Thank you very much for outlining your experiences.

Florian

Posted: Sat Jun 28, 2008 5:13 pm
by Stryder08
You might want to include what type of matrix you are extracting/injecting....

People who simply run neat standards or pharmaceutical compositions will have better column lifetimes, than those that extract postmortem or decomposed blood specimens...as an example.

Posted: Sat Jun 28, 2008 7:18 pm
by Uwe Neue
I agree with Stryder08. I have managed to get completely unchanged chromatography for over 10 000 analyses for a column protected by guard columns at pH 4.75, and I have killed a column instantaneously with an injection of undiluted milk. In between is the use of columns with plasma samples...

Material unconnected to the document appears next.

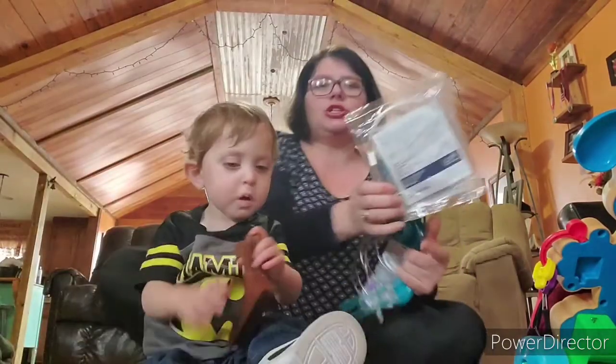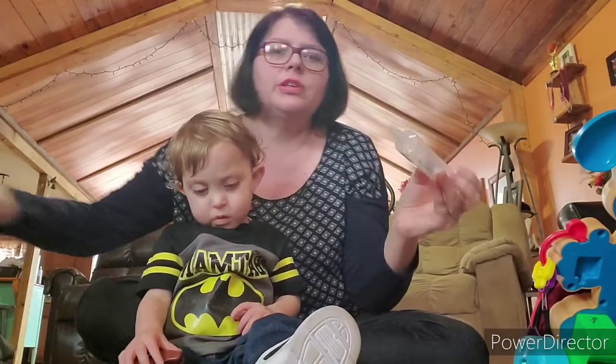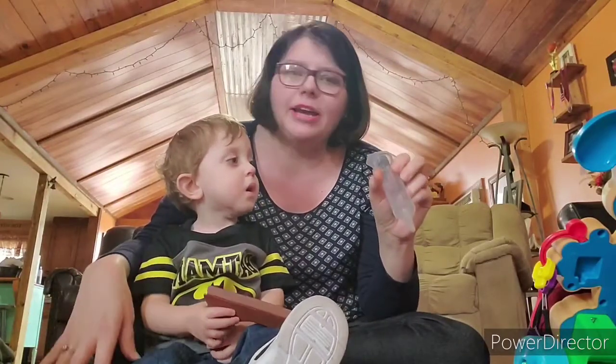I always keep an extra couple of extensions with me as well. And then of course a couple of extra syringes, just in case the bag breaks, or maybe for water or juice or whatever. So I always just keep a couple extra.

Posted: Sat Jun 28, 2008 8:13 pm
by LCFlo
Thanks for the prompt replies.

I am primarily interested in pharmaceutical analytics (solutions and tablets) as well as for experiences like:

"when I injected a simple matrix on column X, I had problems after 50 injections. But column Y was cool, it was possible to do 500 injections"

Florian

Posted: Sat Jun 28, 2008 11:51 pm
by Bruce Hamilton
IF you are interested in compendial pharmaceuticals you could look at the EP freely-available Knowledgebase, which details the columns used in the method development.

As a bored, impartial observer, I'd really enjoy reading a whole lot of badmouthing of various brands of columns, but I don't think I'd take any notice of the comments.

As noted above, the samples, sample preparation, and care of columns will have the most profound effect on lifetime.

In my experience, generally, for yucky samples, as the carbon chain length increases, column durability improves. A C8 column died after a couple of injections of fermentation media, whereas the C18 column lasted for a few hundred of the same muck.

I've always assumed that if a reasonable brand has been around a while, they will test their columns, rather than using the consumer as unpaid product quality testers.

Most of the few dodgy columns that I've encountered have come from the smaller, specialist, manufacturers.

Please keep having fun,

Bruce Hamilton

Posted: Tue Jul 01, 2008 10:33 am
by schelmar
Hi Bruce Hamilton

Where can i finde EP freely-available Knowledgebase im am often looking for it but i didn't find something

Marco

EP knowledge database

Posted: Tue Jul 01, 2008 11:48 am
by LCFlo
Hi schelmar,

Bruce meant the knowledge database of EP:

http://extranet.pheur.org/publications/ ... s_sw.shtml

As an example, when you search for amitriptyline, the following page is found:

http://extranet.edqm.eu/4DLink1/4DCGI/Web_View/mono/464

This could be useful for the start of method development.